What you will do
Of the entries below, return exactly those lines that fall between the one containing "Hello, welcome to" and the one containing "Hi class, today", the two end lines included.

Given entries

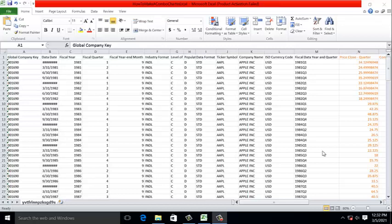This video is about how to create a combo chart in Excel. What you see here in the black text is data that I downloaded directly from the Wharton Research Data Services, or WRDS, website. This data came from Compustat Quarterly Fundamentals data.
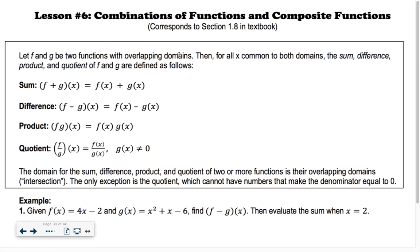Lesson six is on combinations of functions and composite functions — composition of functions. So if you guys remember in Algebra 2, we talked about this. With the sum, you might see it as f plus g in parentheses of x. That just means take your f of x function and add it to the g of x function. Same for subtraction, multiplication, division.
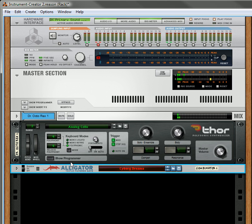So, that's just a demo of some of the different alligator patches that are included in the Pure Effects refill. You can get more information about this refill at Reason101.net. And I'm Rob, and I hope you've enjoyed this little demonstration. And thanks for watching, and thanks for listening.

...

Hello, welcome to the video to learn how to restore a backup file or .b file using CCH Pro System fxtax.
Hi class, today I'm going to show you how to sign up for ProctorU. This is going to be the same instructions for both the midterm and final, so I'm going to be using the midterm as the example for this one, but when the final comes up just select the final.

--

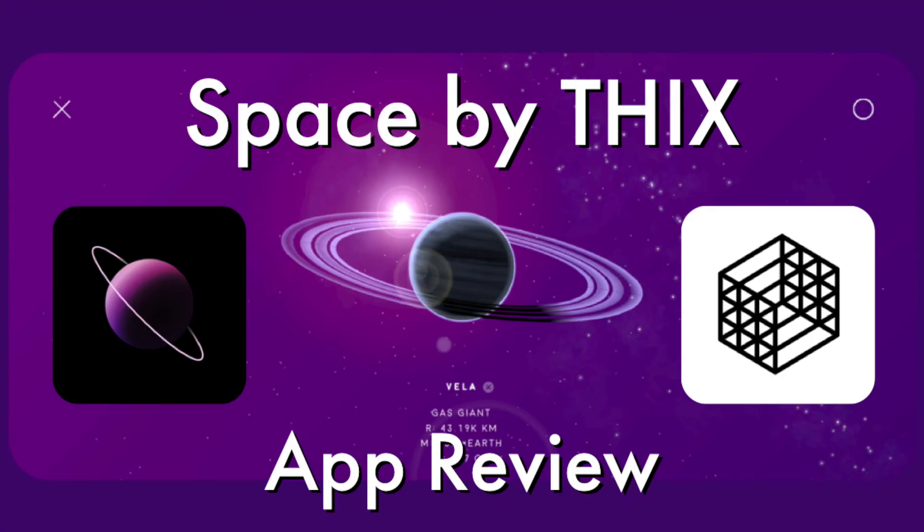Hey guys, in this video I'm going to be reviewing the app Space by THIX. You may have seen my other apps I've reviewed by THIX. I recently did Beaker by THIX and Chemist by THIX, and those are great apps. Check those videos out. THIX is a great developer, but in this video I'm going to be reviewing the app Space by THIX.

Finished exercise
Hello, welcome to the video to learn how to restore a backup file or .b file using CCH Pro System fxtax.
Hi class, today I'm going to show you how to sign up for ProctorU. This is going to be the same instructions for both the midterm and final, so I'm going to be using the midterm as the example for this one, but when the final comes up just select the final.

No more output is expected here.